Brief descriptive captions
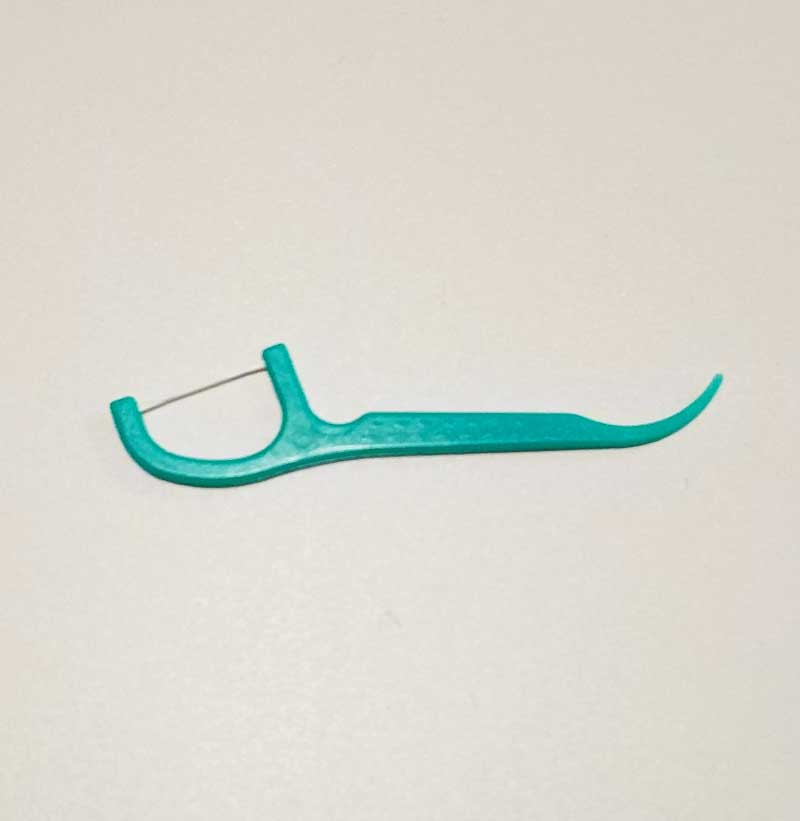 Watsons 150 pcs / 3 box Mint Flavour Dental Floss Pick Flosser GOOD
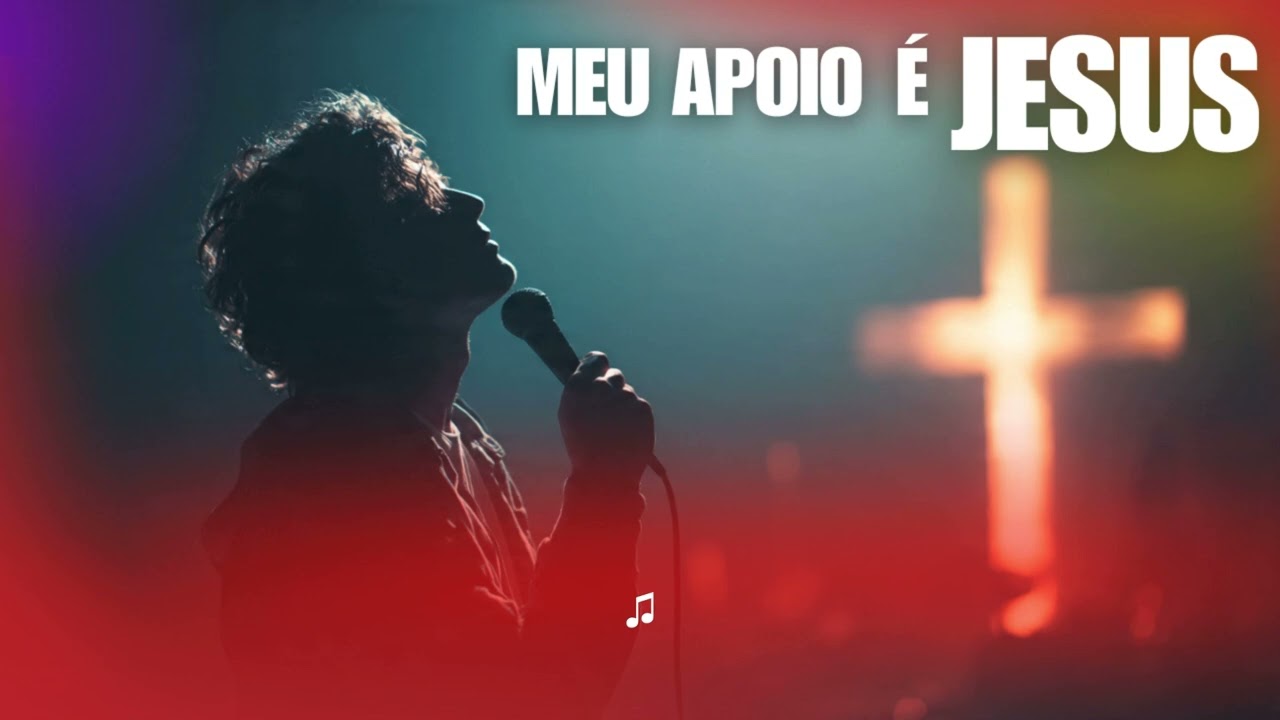Meu apoio é Jesus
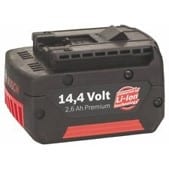 Lisäakku vannekoneeseen H-45, 18V/4,0Ah, Bosch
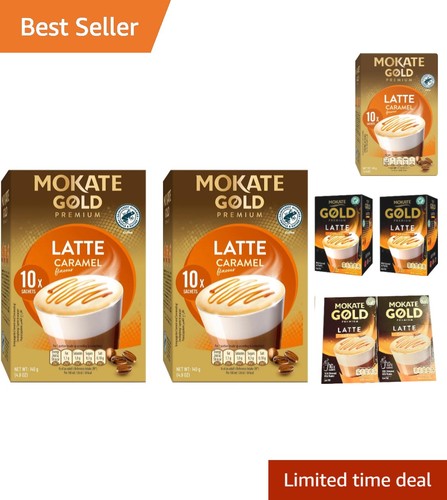 Caramel latte powder - latte,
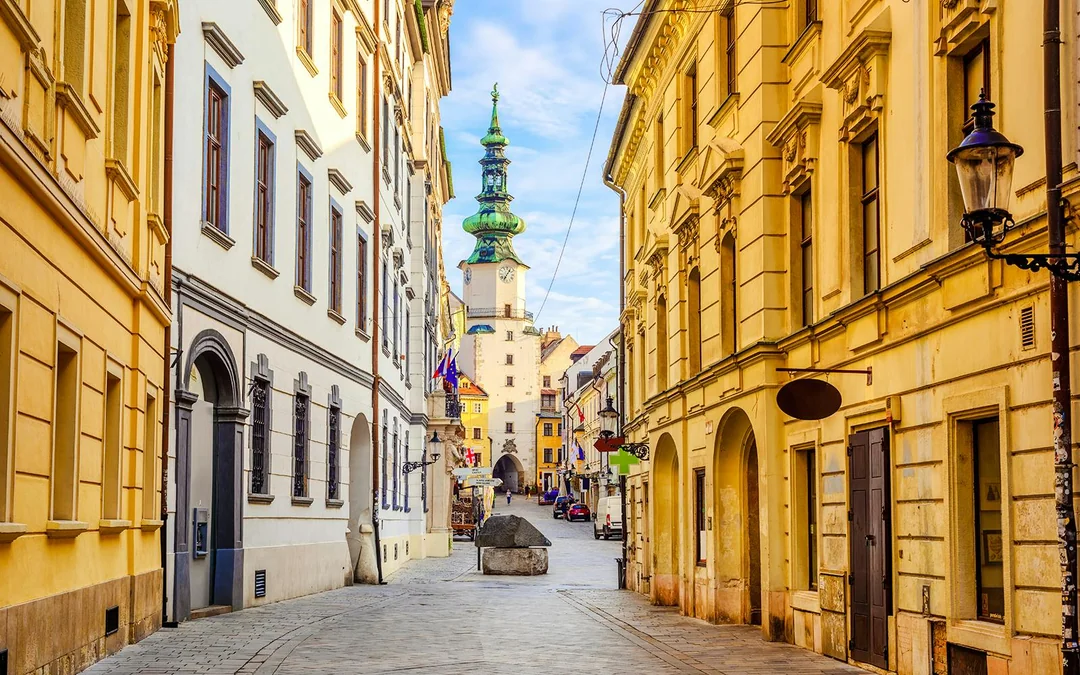 From Vienna: Bratislava Day Trip by Bus & Boat Image 4
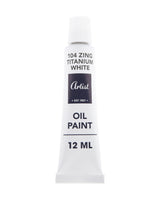 Oliemalingssæt – 10 x 12 ml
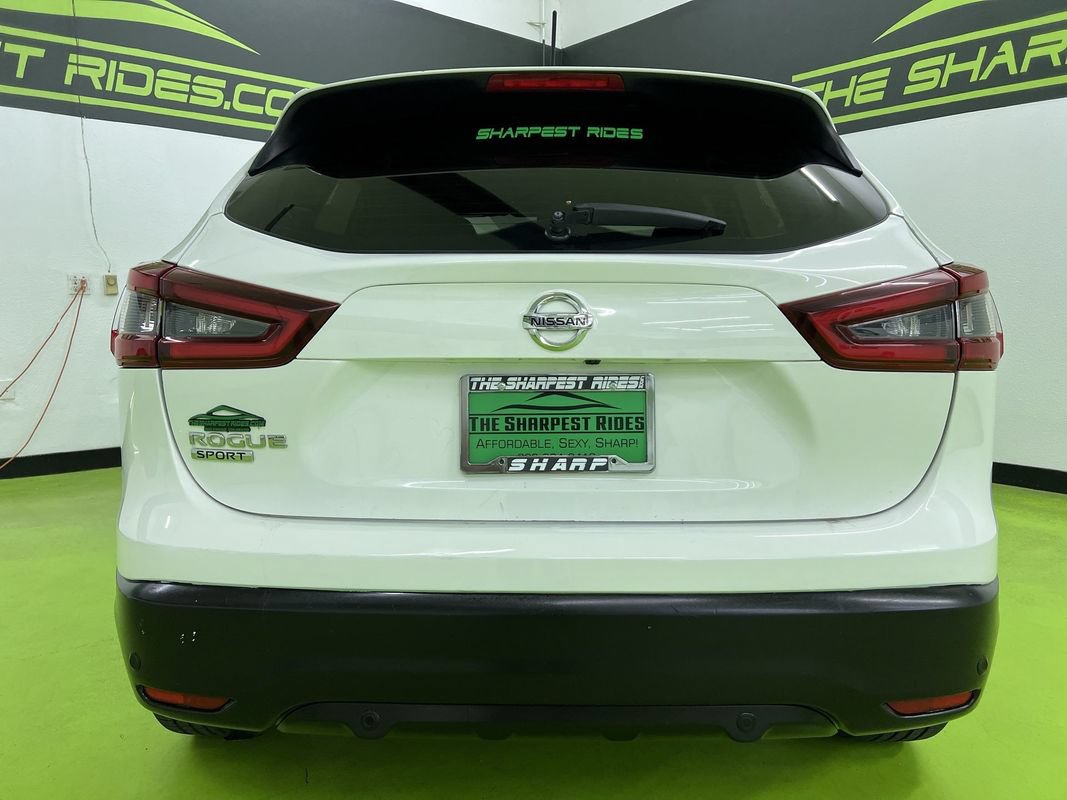 Used 2020 Nissan Rogue Sport S w/ Appearance Package FWD image 8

> **Assignment**:
Starting where a line contains "Oliemalingssæt – 10 x 12 ml" and finishing at the last line above, set down every line exactly as it reads, with no pictures.

> **Written reply**:
 Oliemalingssæt – 10 x 12 ml
 Used 2020 Nissan Rogue Sport S w/ Appearance Package FWD image 8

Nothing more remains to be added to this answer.